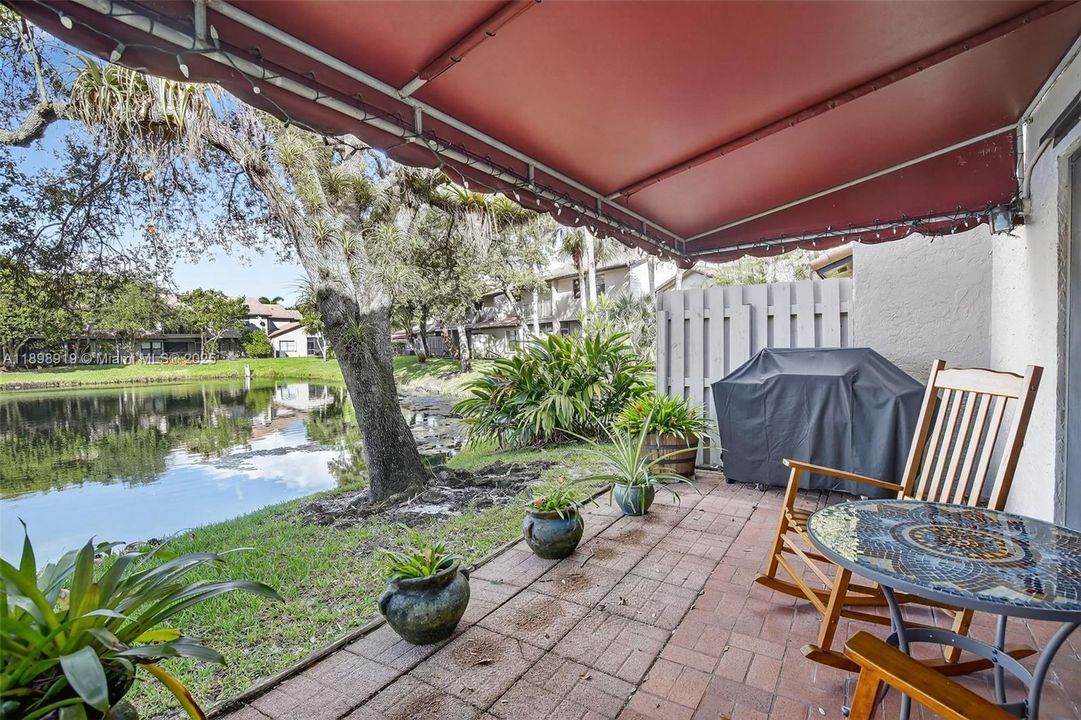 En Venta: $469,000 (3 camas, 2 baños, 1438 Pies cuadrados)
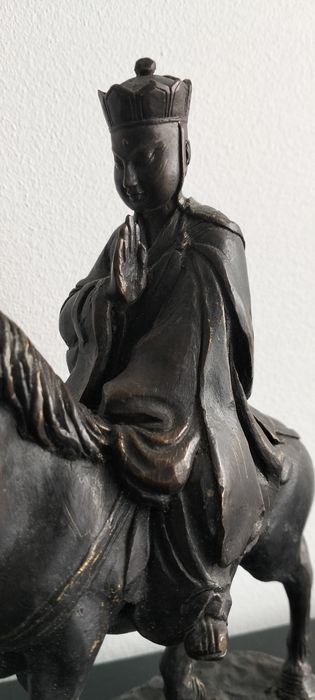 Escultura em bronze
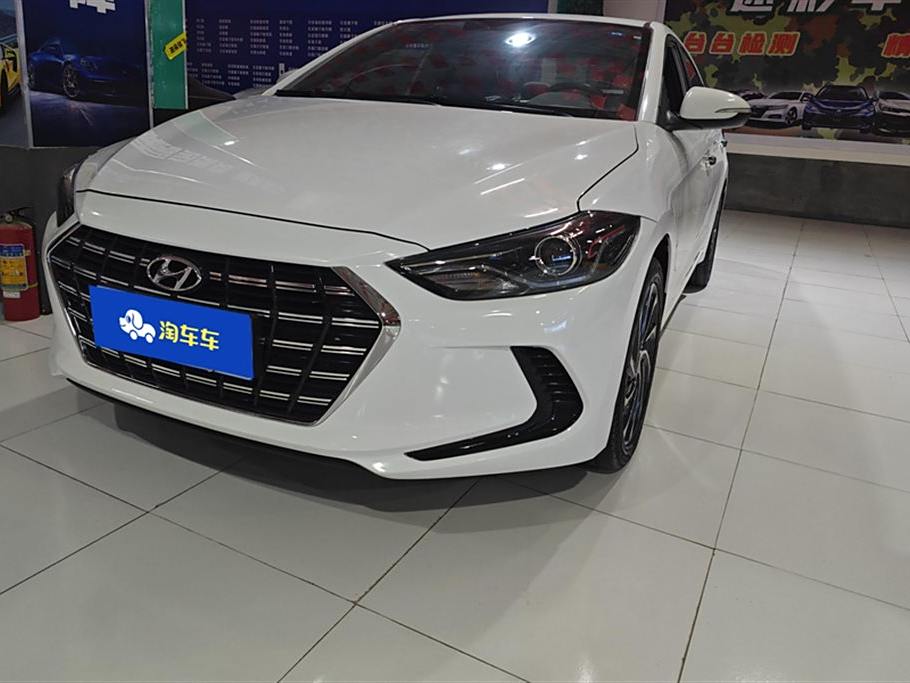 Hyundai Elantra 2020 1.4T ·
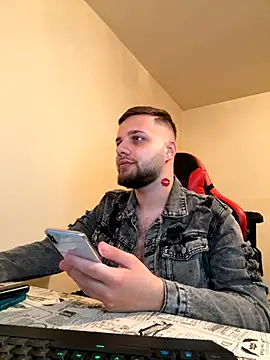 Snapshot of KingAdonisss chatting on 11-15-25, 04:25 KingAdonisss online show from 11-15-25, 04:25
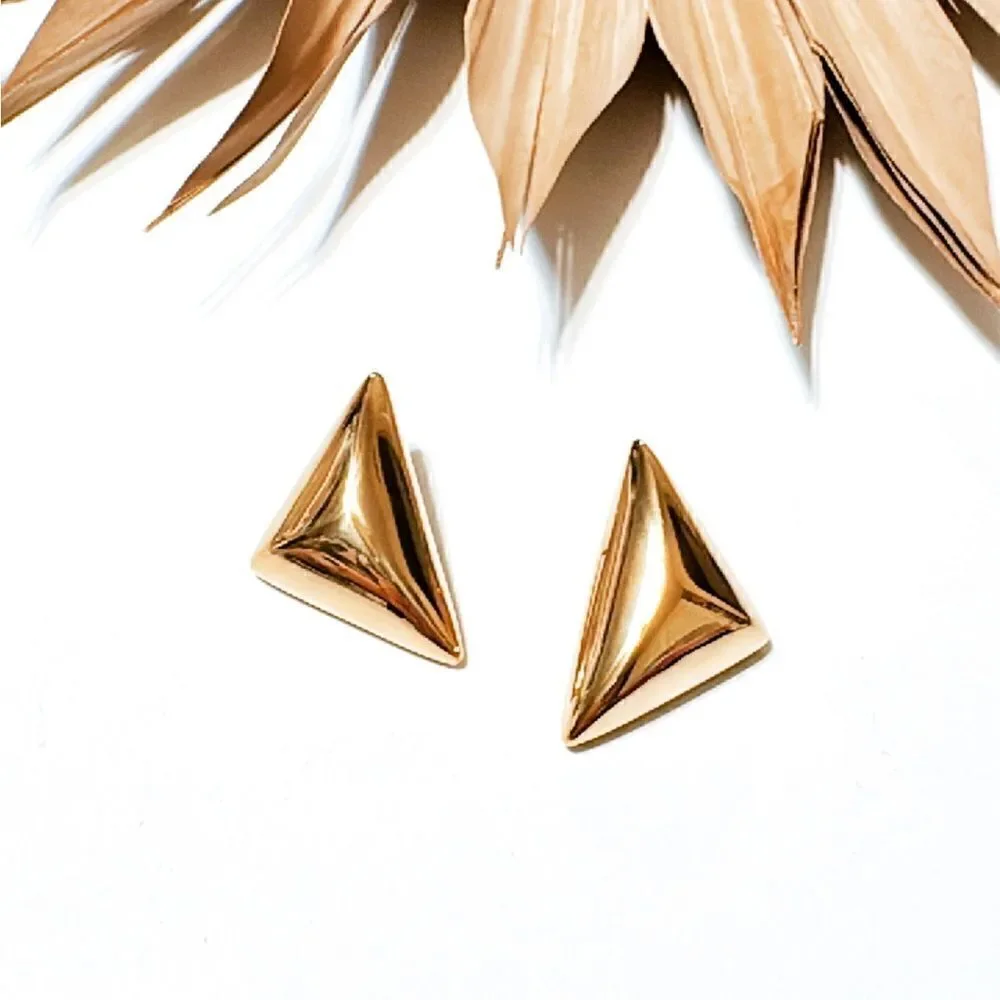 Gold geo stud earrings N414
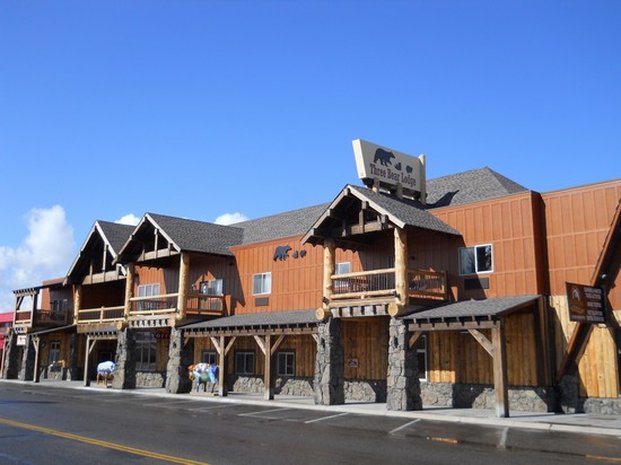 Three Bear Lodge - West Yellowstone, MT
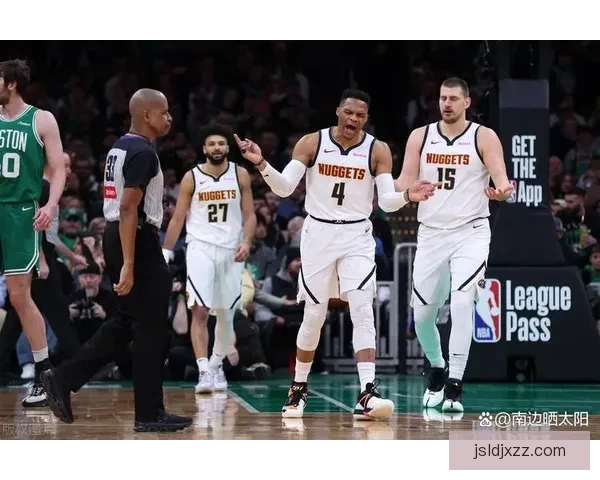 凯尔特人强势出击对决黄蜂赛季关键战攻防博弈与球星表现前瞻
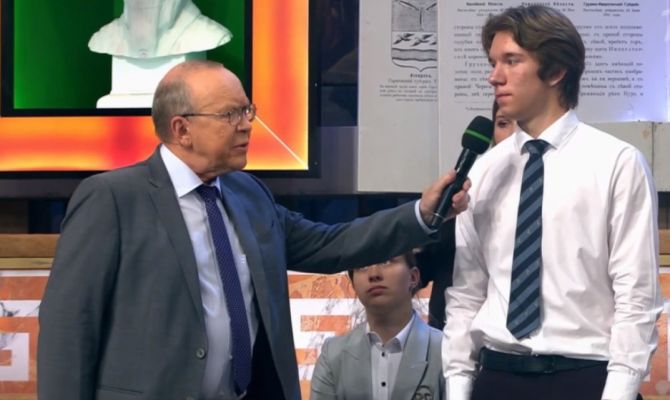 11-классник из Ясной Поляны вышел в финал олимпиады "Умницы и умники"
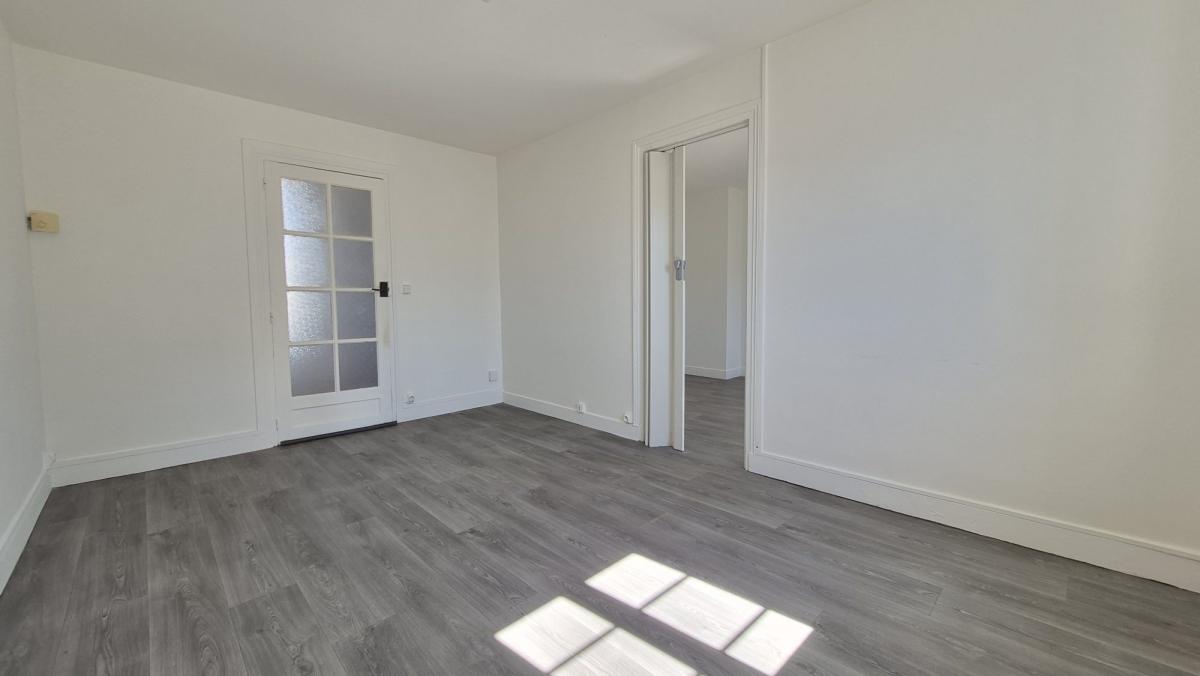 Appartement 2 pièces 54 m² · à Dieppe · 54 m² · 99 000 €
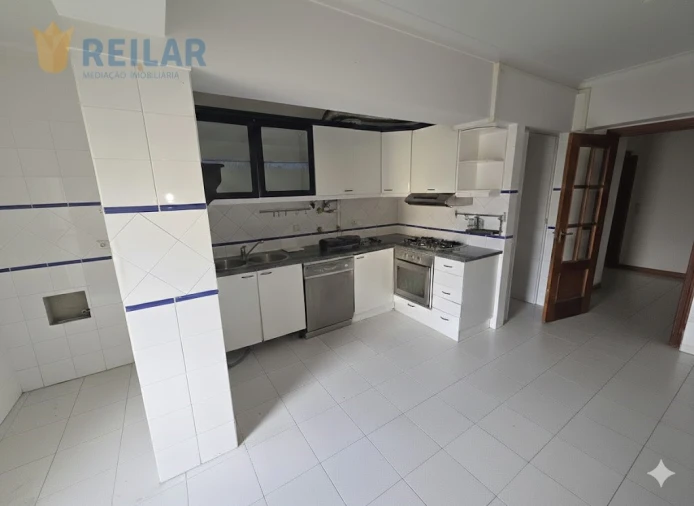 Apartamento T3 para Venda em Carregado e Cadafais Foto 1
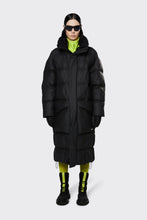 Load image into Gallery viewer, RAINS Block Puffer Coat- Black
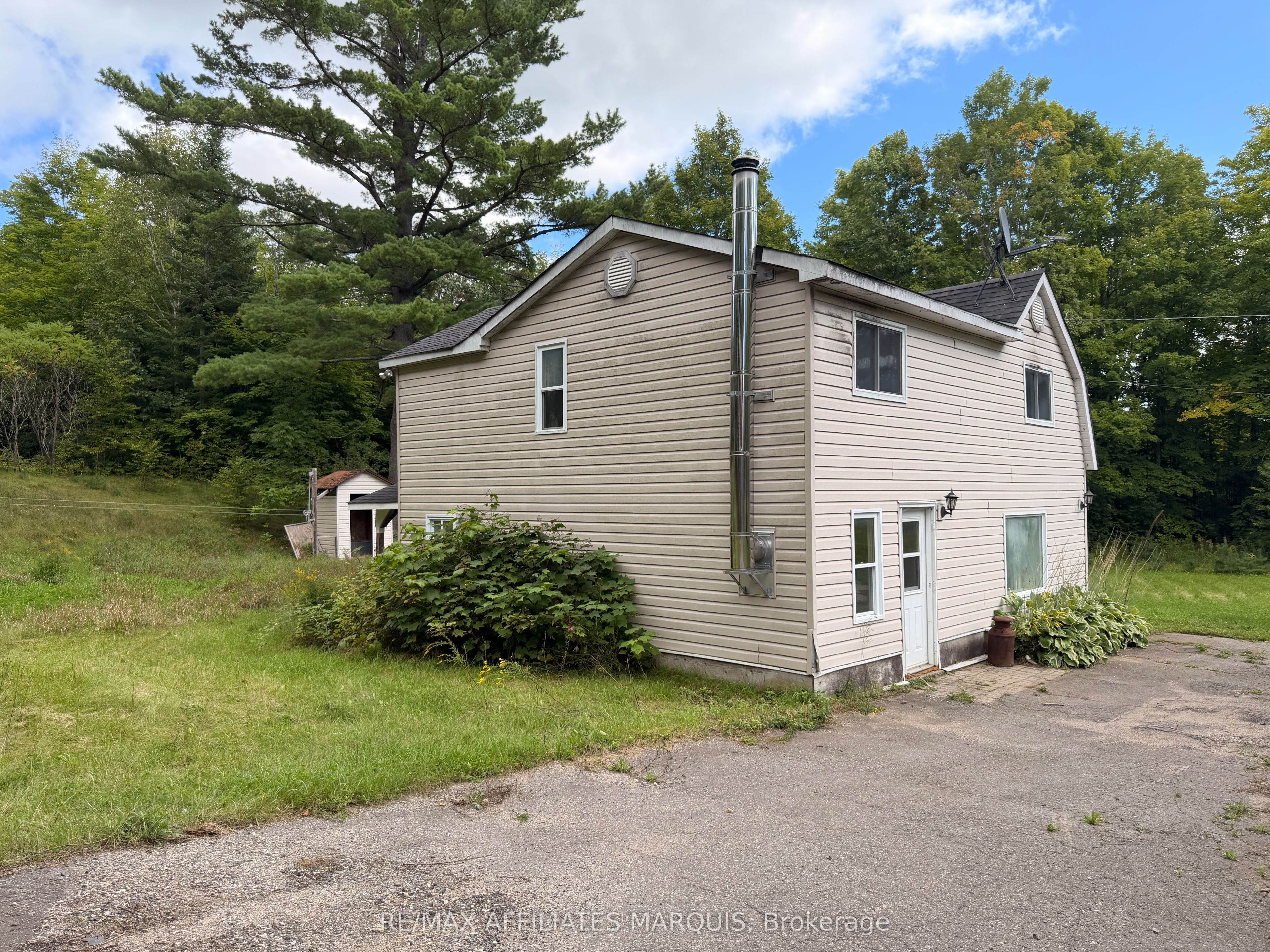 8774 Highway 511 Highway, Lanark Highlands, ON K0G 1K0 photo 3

TASK INSTRUCTIONS: A faithful copy of every record is needed here. Leave the images out of it.

SOLUTION FOR THIS EXERCISE:
 En Venta: $469,000 (3 camas, 2 baños, 1438 Pies cuadrados)
 Escultura em bronze
 Hyundai Elantra 2020 1.4T ·
 Snapshot of KingAdonisss chatting on 11-15-25, 04:25 KingAdonisss online show from 11-15-25, 04:25
 Gold geo stud earrings N414
 Three Bear Lodge - West Yellowstone, MT
 凯尔特人强势出击对决黄蜂赛季关键战攻防博弈与球星表现前瞻
 11-классник из Ясной Поляны вышел в финал олимпиады "Умницы и умники"
 Appartement 2 pièces 54 m² · à Dieppe · 54 m² · 99 000 €
 Apartamento T3 para Venda em Carregado e Cadafais Foto 1
 Load image into Gallery viewer, RAINS Block Puffer Coat- Black
 8774 Highway 511 Highway, Lanark Highlands, ON K0G 1K0 photo 3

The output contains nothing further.